**Directions for this task:** Write out again, word for word, the lines below from the line that holds "Born To Goon" through the line that holds "Lock Change Services", omitting pictures.

**Material provided:**
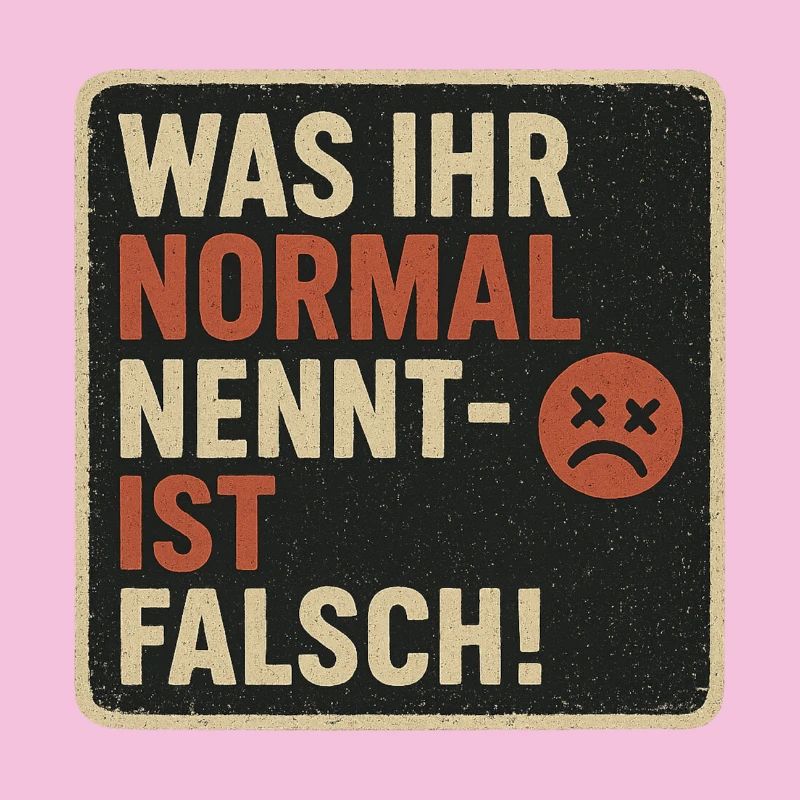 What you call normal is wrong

--

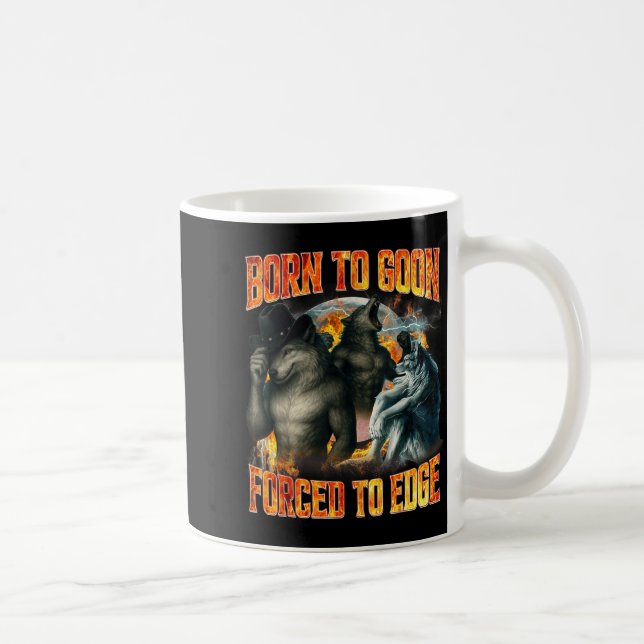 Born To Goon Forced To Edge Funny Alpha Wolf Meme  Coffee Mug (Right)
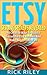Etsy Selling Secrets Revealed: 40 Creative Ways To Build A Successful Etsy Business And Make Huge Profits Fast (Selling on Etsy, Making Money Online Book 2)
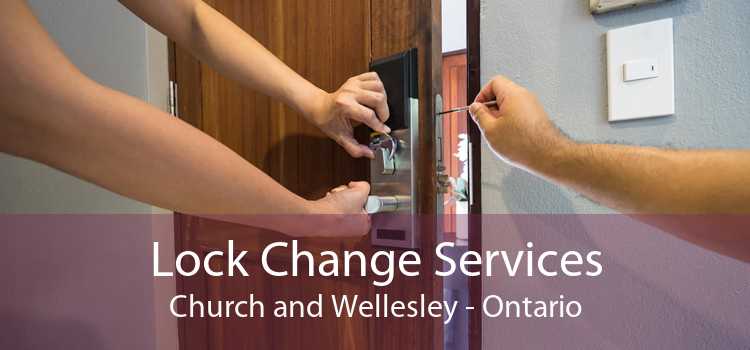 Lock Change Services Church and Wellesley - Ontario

...

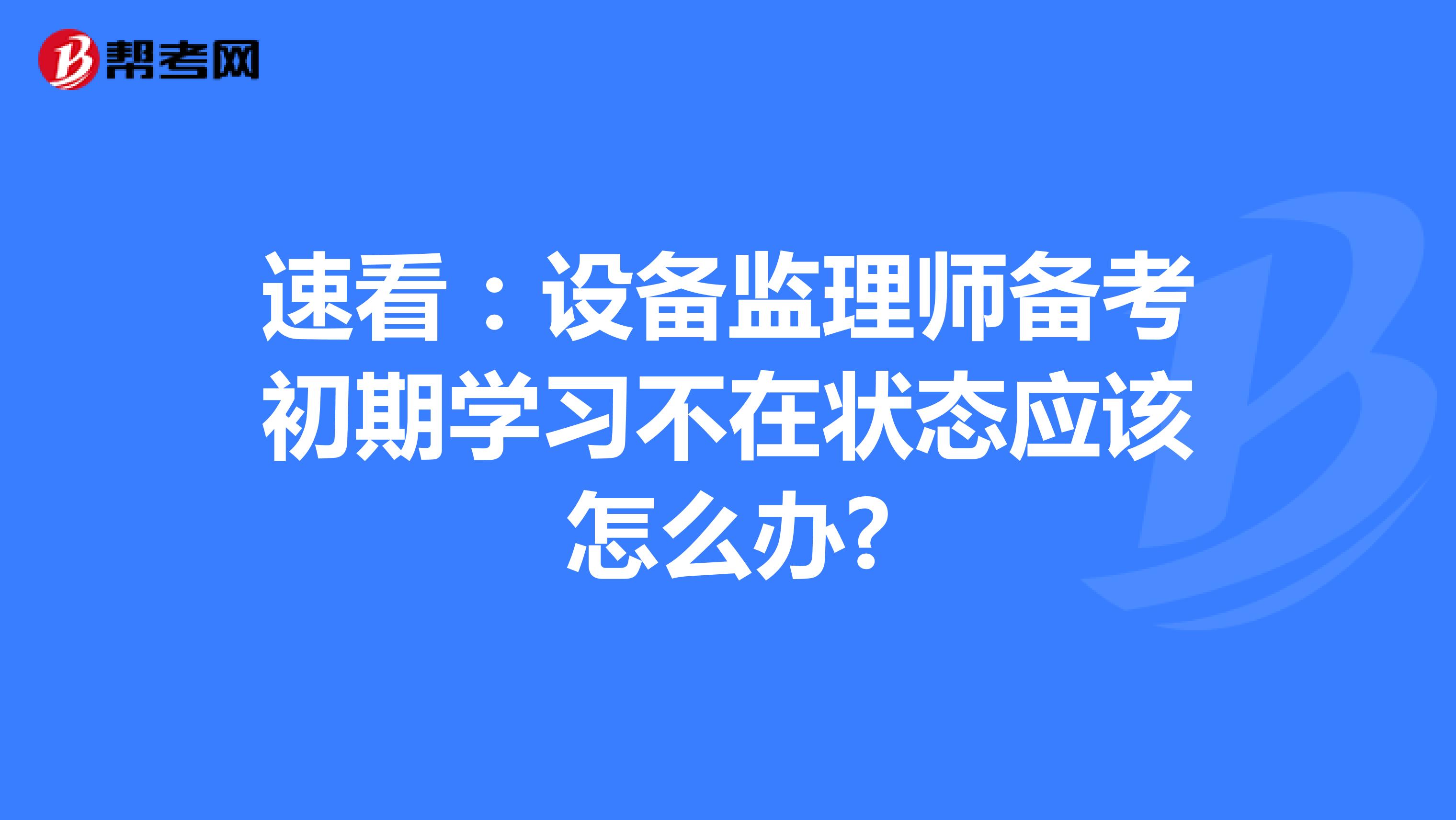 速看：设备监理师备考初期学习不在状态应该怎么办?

**Exercise output:**
 Born To Goon Forced To Edge Funny Alpha Wolf Meme  Coffee Mug (Right)
Etsy Selling Secrets Revealed: 40 Creative Ways To Build A Successful Etsy Business And Make Huge Profits Fast (Selling on Etsy, Making Money Online Book 2)
 Lock Change Services Church and Wellesley - Ontario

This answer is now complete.